Polls showed widespread public opposition to the plan—the biggest federal intervention in financial markets since the Great Depression of the 1930s—and many Republicans saw such an enormous set-aside of taxpayer money as an unnecessary intrusion into free markets. Of the 19 most-endangered House incumbents, 13 voted no.
"This is one of those scenarios where nobody really wanted to do it," said House Republican Whip Roy Blunt of Missouri, who played a leading role in the final negotiations.
Such a roaring confluence of opposition could only have been overcome with strong party discipline and presidential power. But a weakened and unpopular President George W. Bush and lawmakers forced to weigh the vote against their political careers conspired against success.

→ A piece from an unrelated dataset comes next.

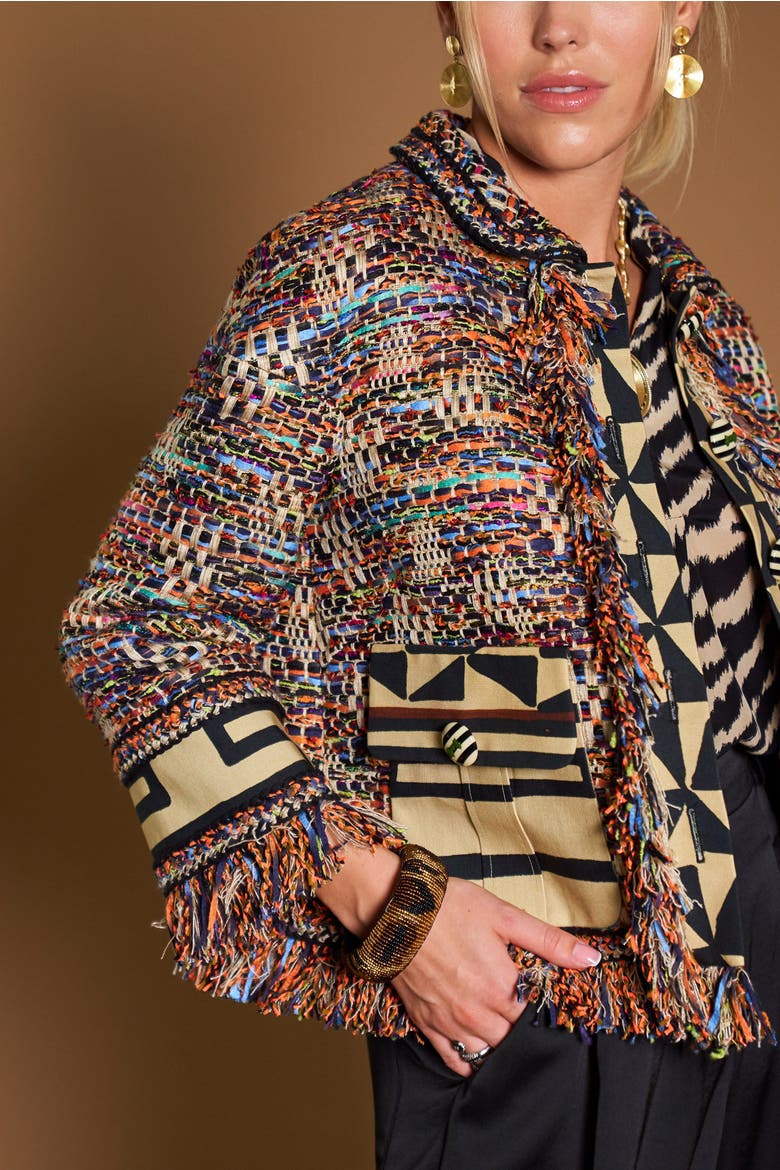 Tweed Jacket With Patch Pockets And Fringes, Alternate, color, Black / Multicolor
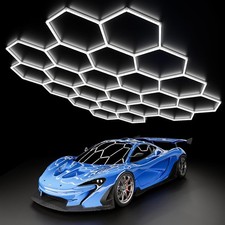 22-Grid Hexagon LED Garage Lights 89640 Lumens 6500K Honeycomb Shop Light Set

Outside Congress, however, furious pressure built up against the bill in e-mail campaigns and on Internet Web sites. The Club for Growth, a conservative free-market oriented group, warned lawmakers that it would count a vote in favor of the legislation against lawmakers seeking the group's support. The Club for Growth is viewed with apprehension by many Republicans because it has been known to support challengers running against party incumbents in primary contests.
Longtime conservative activist Richard Viguerie warned that lawmakers who voted for the rescue package would be targeted for defeat. "Republicans and Democrats alike who support this monstrosity will face the wrath of the voters if they stand side-by-side with predatory politicians and bureaucrats and their greedy friends who got us in this mess," he said.
The opposition on the House floor came from an unlikely coalition of conservatives and liberals. The progressive grassroots group MoveOn.org aired an ad blaming the financial crisis on John McCain and his allies.
All those forces worked against powerful special interests. The U.S. Chamber of Commerce and a diverse group of industry lobbying organizations ranging from the National Association of Realtors to the American Hotel and Lodging Association pressed Congress to back the bill, pointedly noting that they too would consider this a key vote when ranking members.
The vote also represented an extraordinary rejection of Bush, who personally called wavering lawmakers and delivered a last-ditch public appeal Monday morning, as well as Treasury Secretary Henry Paulson and Federal Reserve Chairman Ben Bernanke.
"Despite days of negotiating, this is still the same bailout bill, written by a Wall Street guy with a Wall Street solution to a problem created on Wall Street," said Rep. Mike Rogers, a Michigan Republican. "This bill was still a blank check to Henry Paulson."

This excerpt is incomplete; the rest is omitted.